_Exercise requirements:_ Transcribe exactly, and only, the lines running from the one with "1-(4-chlorophe" to the end of the entries below, both included, without any pictures.

(Dataset excerpts)
────
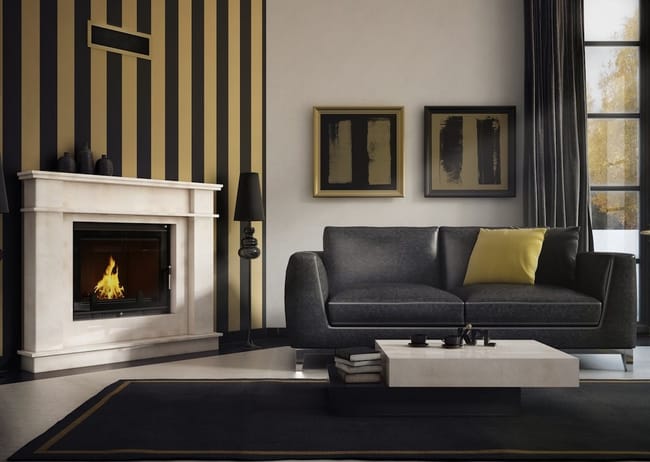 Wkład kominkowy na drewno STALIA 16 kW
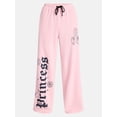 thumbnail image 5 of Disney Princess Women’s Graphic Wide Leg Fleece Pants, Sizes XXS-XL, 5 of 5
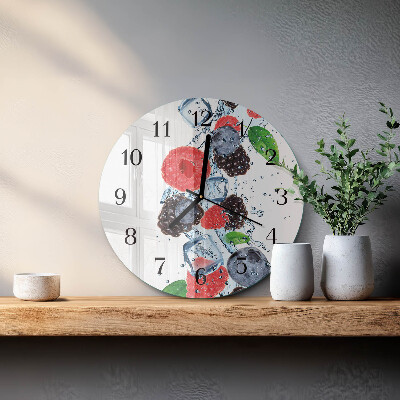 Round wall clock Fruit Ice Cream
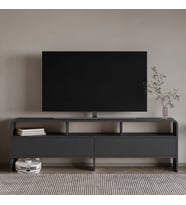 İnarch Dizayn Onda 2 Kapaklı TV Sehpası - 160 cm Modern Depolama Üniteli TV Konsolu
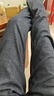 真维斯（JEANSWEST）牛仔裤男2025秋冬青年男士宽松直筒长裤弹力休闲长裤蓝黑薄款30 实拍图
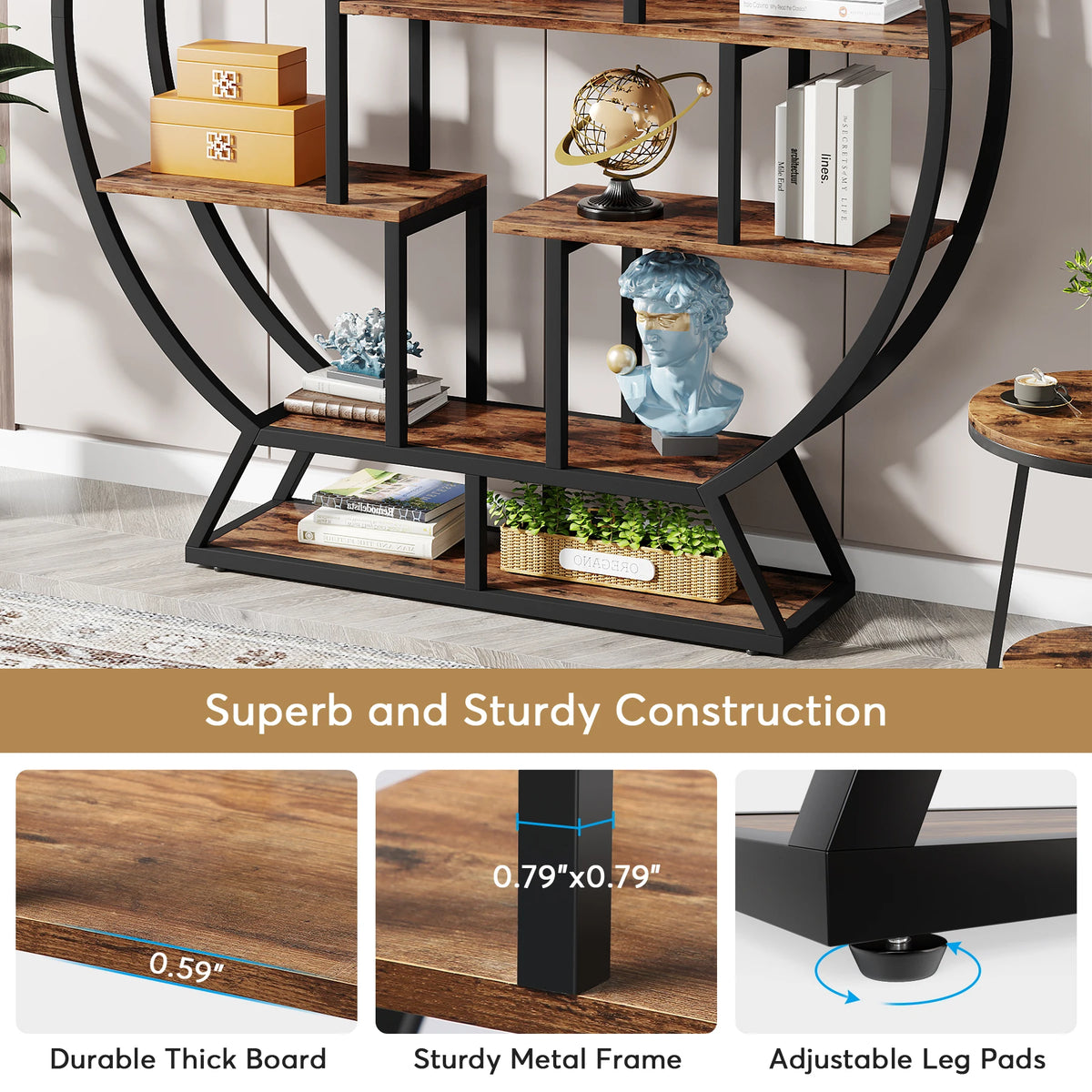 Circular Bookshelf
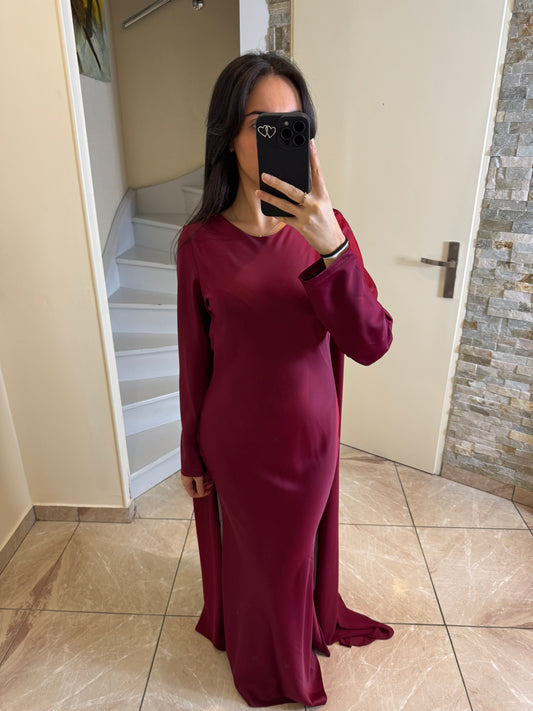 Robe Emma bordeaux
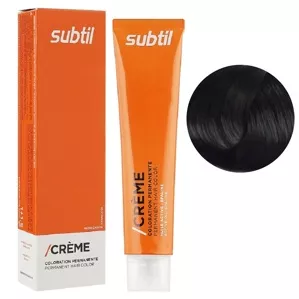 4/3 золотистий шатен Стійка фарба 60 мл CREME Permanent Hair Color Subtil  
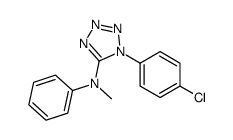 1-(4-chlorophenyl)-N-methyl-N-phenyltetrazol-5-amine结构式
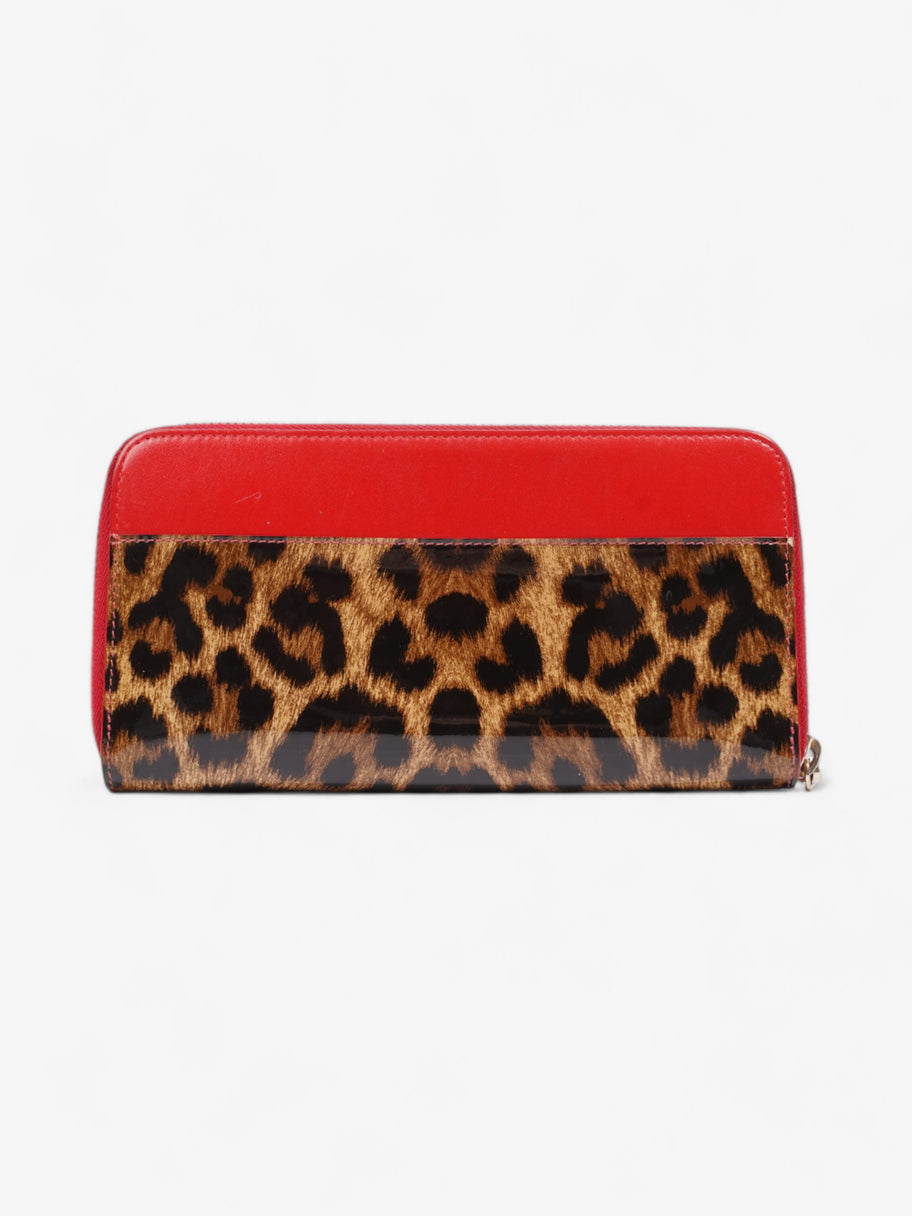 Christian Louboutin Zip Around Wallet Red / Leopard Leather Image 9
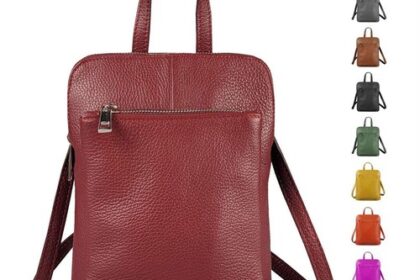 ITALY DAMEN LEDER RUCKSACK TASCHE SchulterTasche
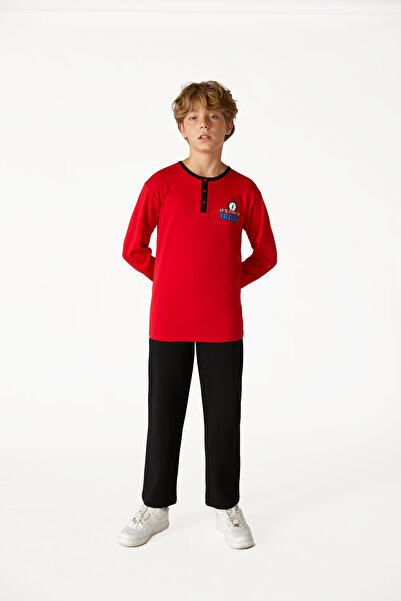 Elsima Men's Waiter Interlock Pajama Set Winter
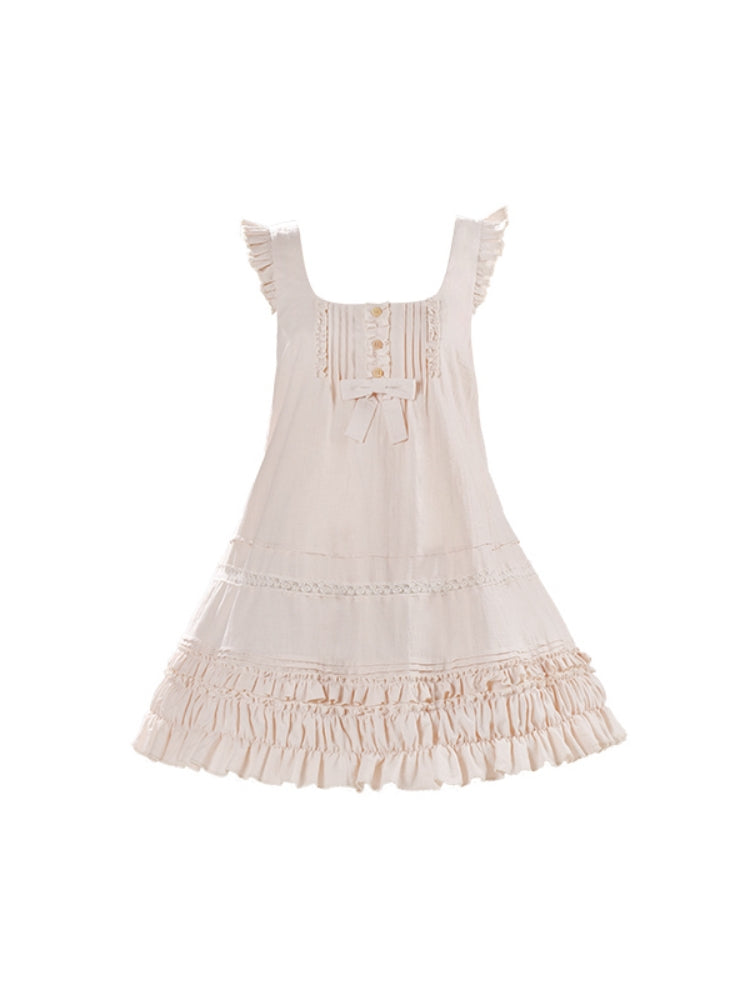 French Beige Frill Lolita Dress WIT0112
────
_Expected answer:_
 1-(4-chlorophenyl)-N-methyl-N-phenyltetrazol-5-amine结构式
 Christian Louboutin Zip Around Wallet Red / Leopard Leather Image 9
 ITALY DAMEN LEDER RUCKSACK TASCHE SchulterTasche
 Elsima Men's Waiter Interlock Pajama Set Winter
 French Beige Frill Lolita Dress WIT0112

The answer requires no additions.